** Opening INFORMATION GIVEN block **

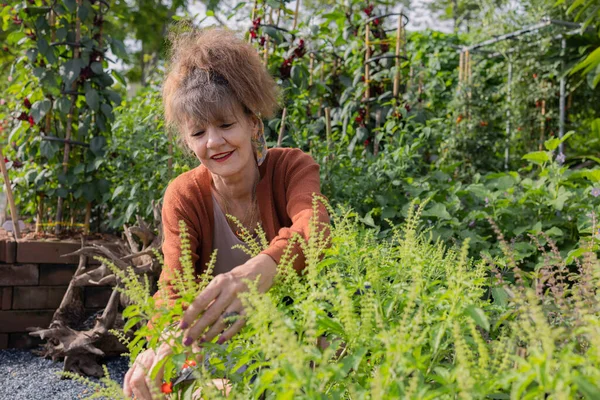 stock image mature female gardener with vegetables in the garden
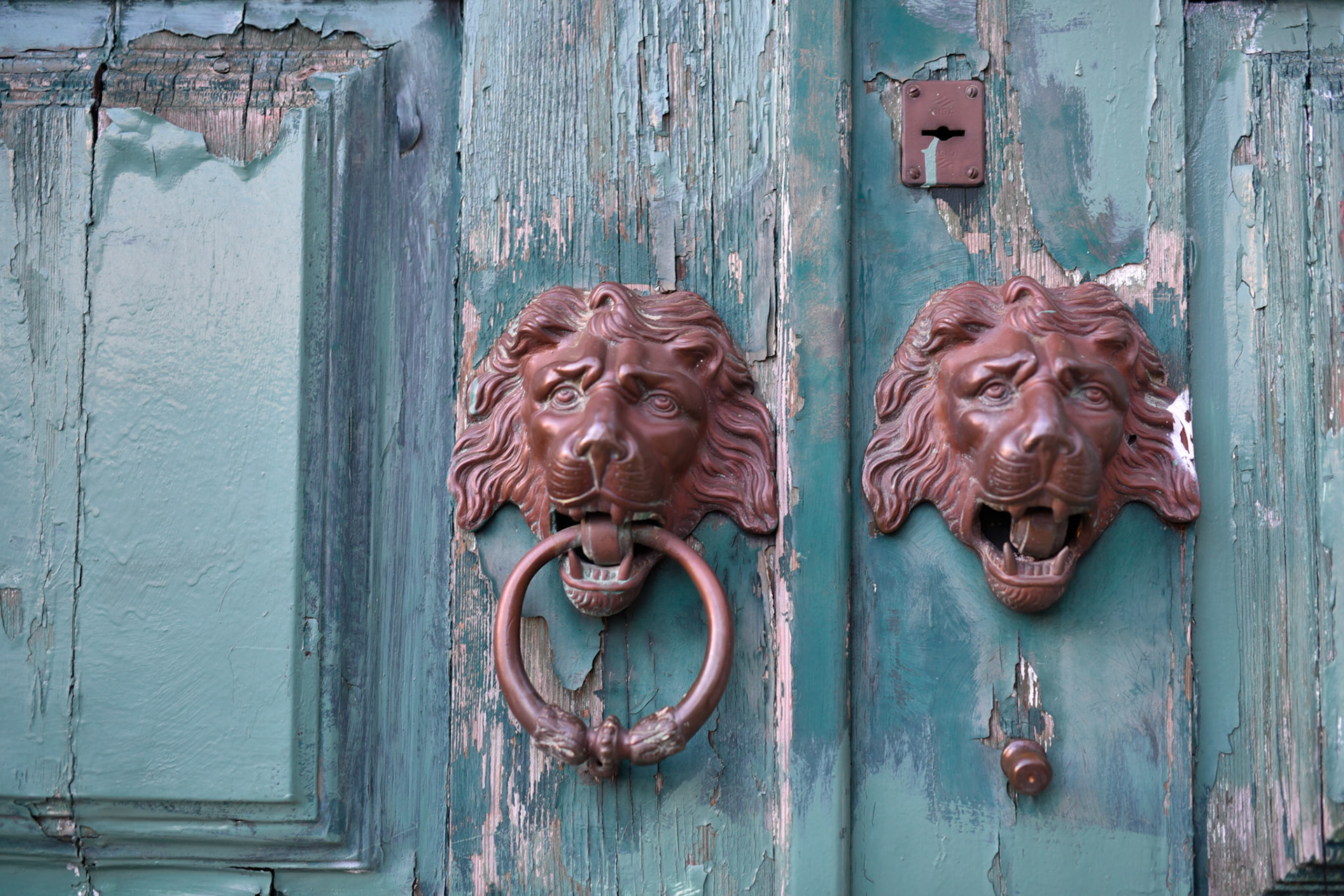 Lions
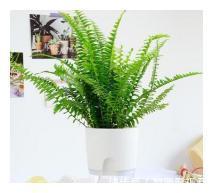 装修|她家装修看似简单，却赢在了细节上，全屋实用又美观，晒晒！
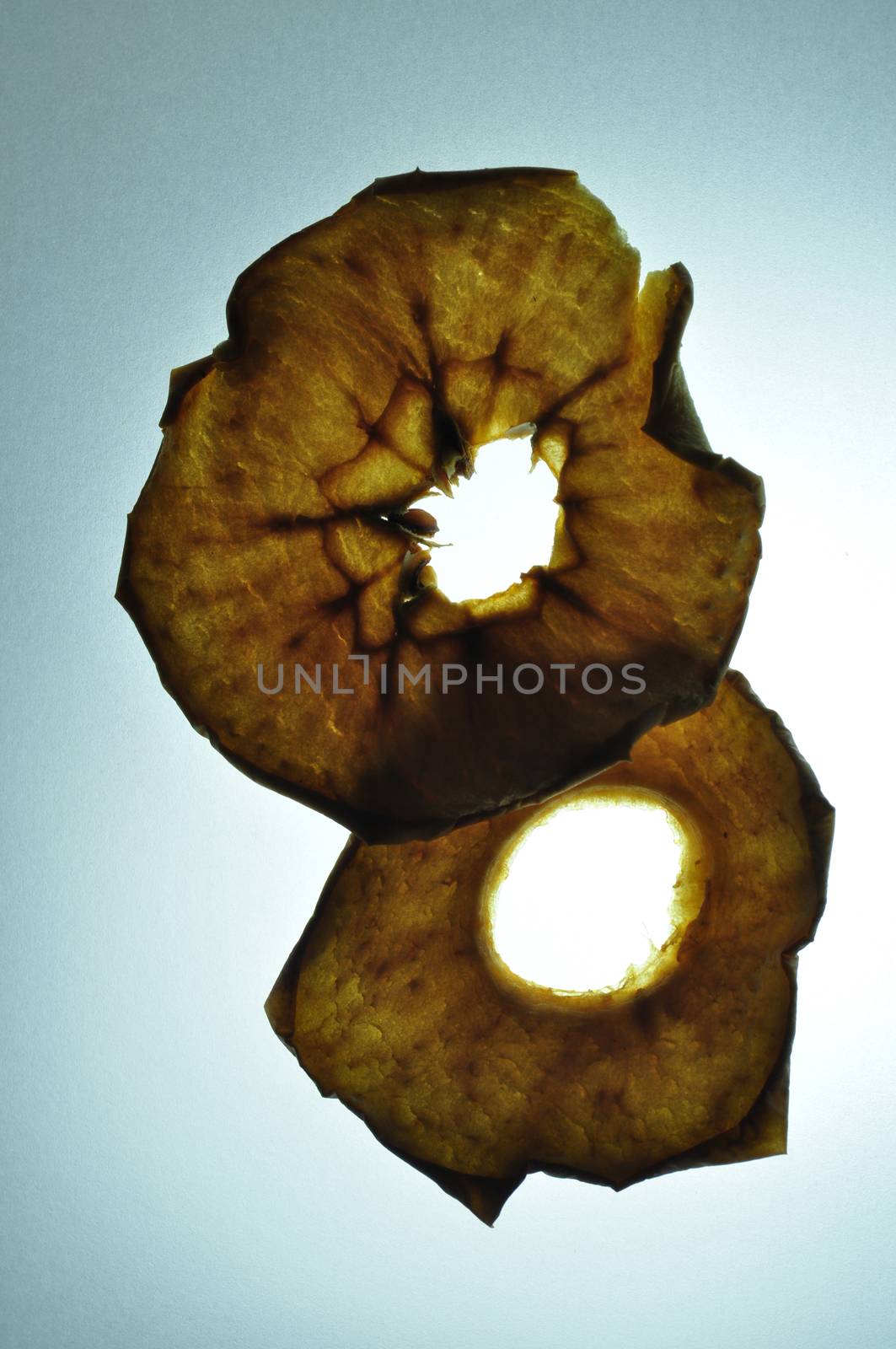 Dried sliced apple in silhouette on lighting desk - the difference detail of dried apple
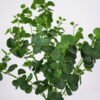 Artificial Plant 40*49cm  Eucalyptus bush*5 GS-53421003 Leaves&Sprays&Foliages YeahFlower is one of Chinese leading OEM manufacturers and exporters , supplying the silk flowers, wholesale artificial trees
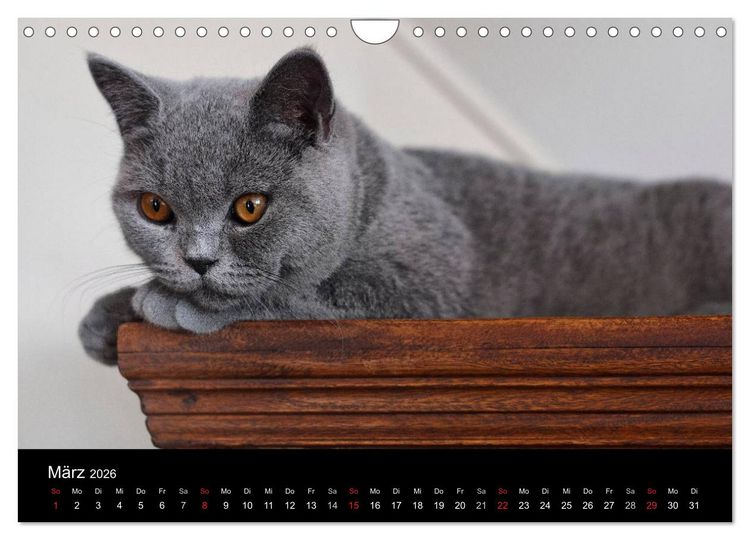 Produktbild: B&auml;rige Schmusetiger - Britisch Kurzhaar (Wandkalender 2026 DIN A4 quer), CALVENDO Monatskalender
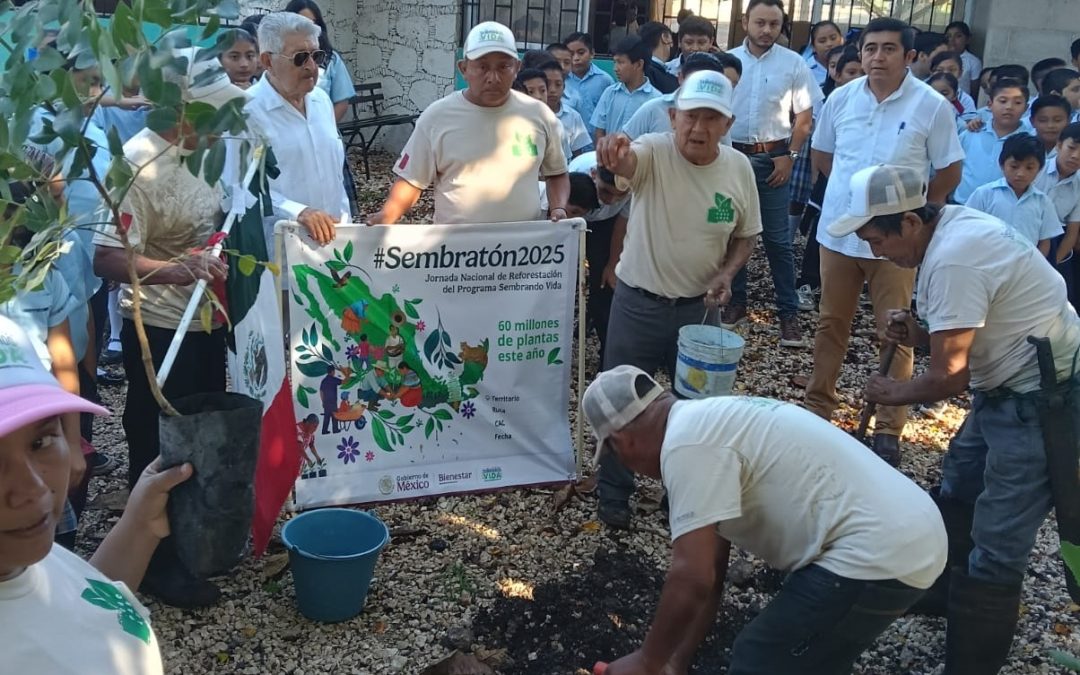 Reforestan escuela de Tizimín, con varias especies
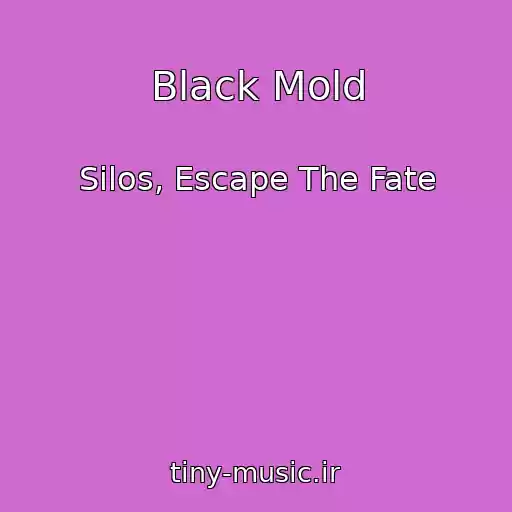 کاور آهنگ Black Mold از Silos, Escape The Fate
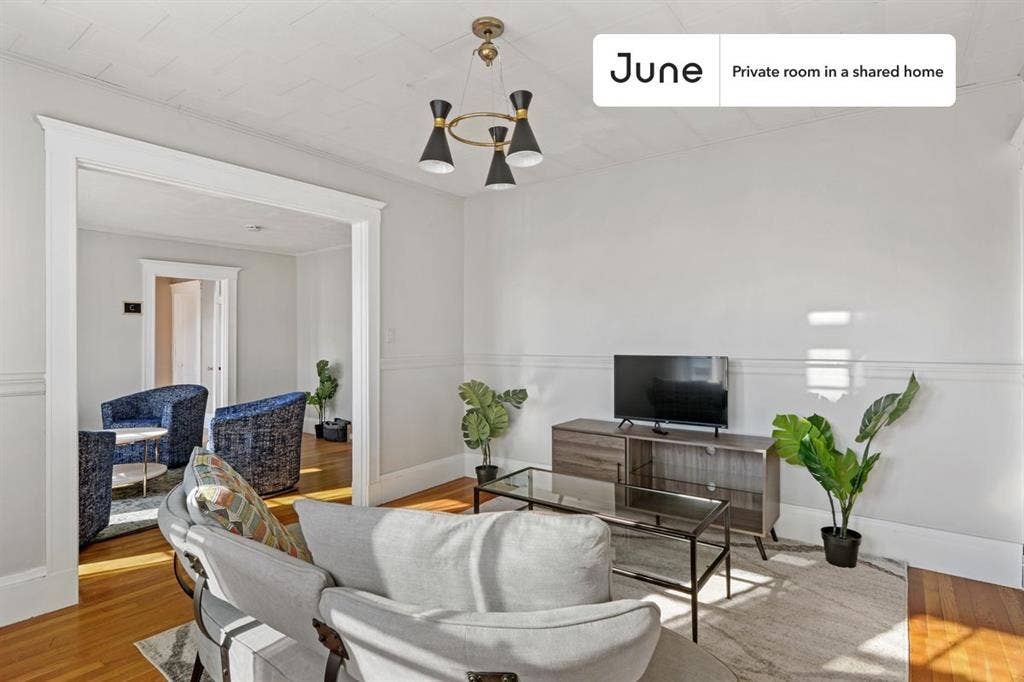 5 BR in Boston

** Closing INFORMATION GIVEN block **

EXERCISE PROMPT
All of the data, minus its pictures, should be repeated exactly.

EXERCISE SOLUTION
 stock image mature female gardener with vegetables in the garden
 Lions
 装修|她家装修看似简单，却赢在了细节上，全屋实用又美观，晒晒！
 Dried sliced apple in silhouette on lighting desk - the difference detail of dried apple
 Artificial Plant 40*49cm  Eucalyptus bush*5 GS-53421003 Leaves&Sprays&Foliages YeahFlower is one of Chinese leading OEM manufacturers and exporters , supplying the silk flowers, wholesale artificial trees
 Produktbild: B&auml;rige Schmusetiger - Britisch Kurzhaar (Wandkalender 2026 DIN A4 quer), CALVENDO Monatskalender
 Reforestan escuela de Tizimín, con varias especies
 کاور آهنگ Black Mold از Silos, Escape The Fate
 5 BR in Boston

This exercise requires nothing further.